- Instructions for the task
Everything in the listing should be copied exactly, save for the pictures.

- Data below
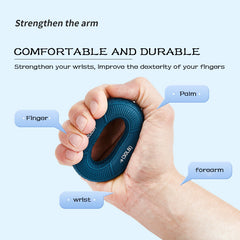 Hand Grip Strengthener, Grip Strength Trainer And Finger Exerciser Silicone Adjustable Hand Grip 20-80LB Gripping Ring Finger Forearm Trainer Carpal Expander Muscle Workout Exercise Shopping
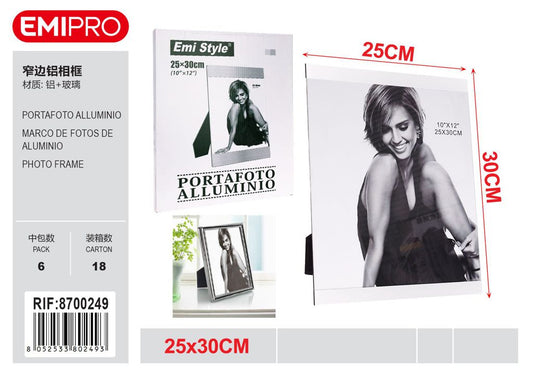 Portafoto Alluminio 25*30cm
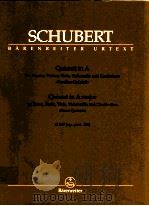 Quintet in A major for Piano violin viola Violoncello and double Bass Trout Quint D 667 (op.post.114（1975 PDF版）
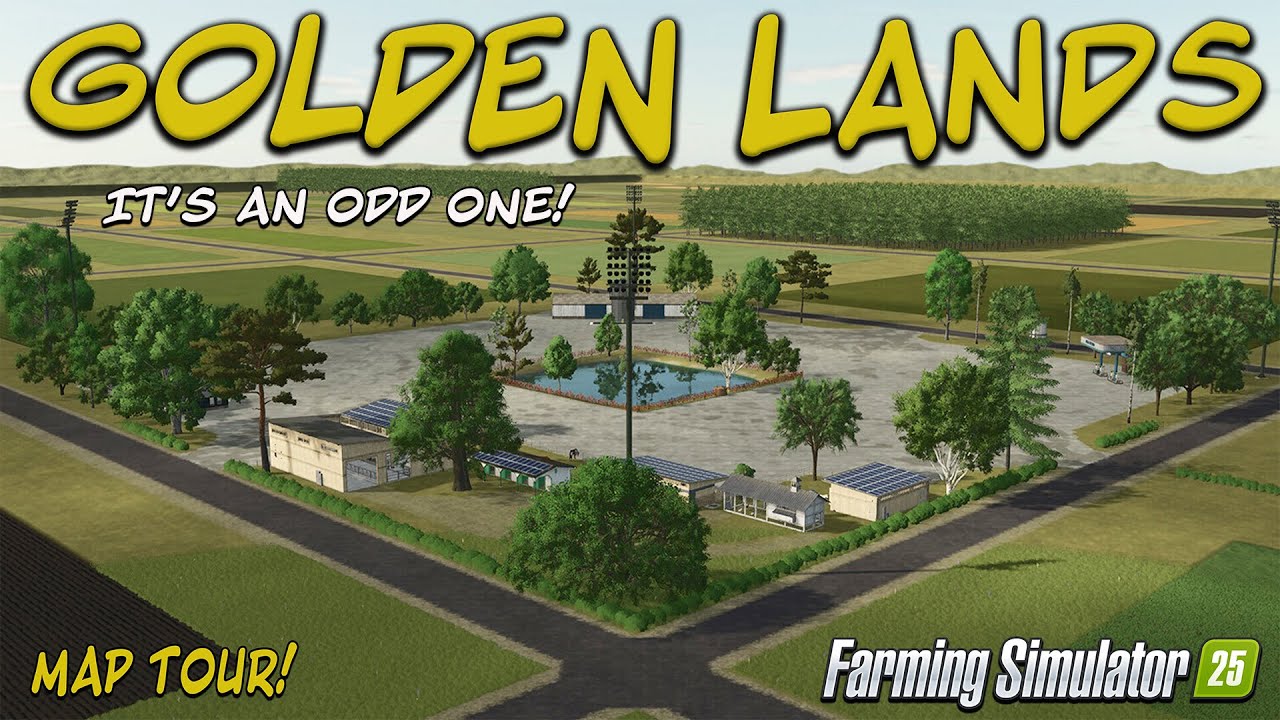 GOLDEN LANDS (IT’S DIFFERENT)?! NEW MOD MAP! (TOUR/REVIEW!) Farming Simulator 25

- Reply
 Hand Grip Strengthener, Grip Strength Trainer And Finger Exerciser Silicone Adjustable Hand Grip 20-80LB Gripping Ring Finger Forearm Trainer Carpal Expander Muscle Workout Exercise Shopping
 Portafoto Alluminio 25*30cm
 Quintet in A major for Piano violin viola Violoncello and double Bass Trout Quint D 667 (op.post.114（1975 PDF版）
 GOLDEN LANDS (IT’S DIFFERENT)?! NEW MOD MAP! (TOUR/REVIEW!) Farming Simulator 25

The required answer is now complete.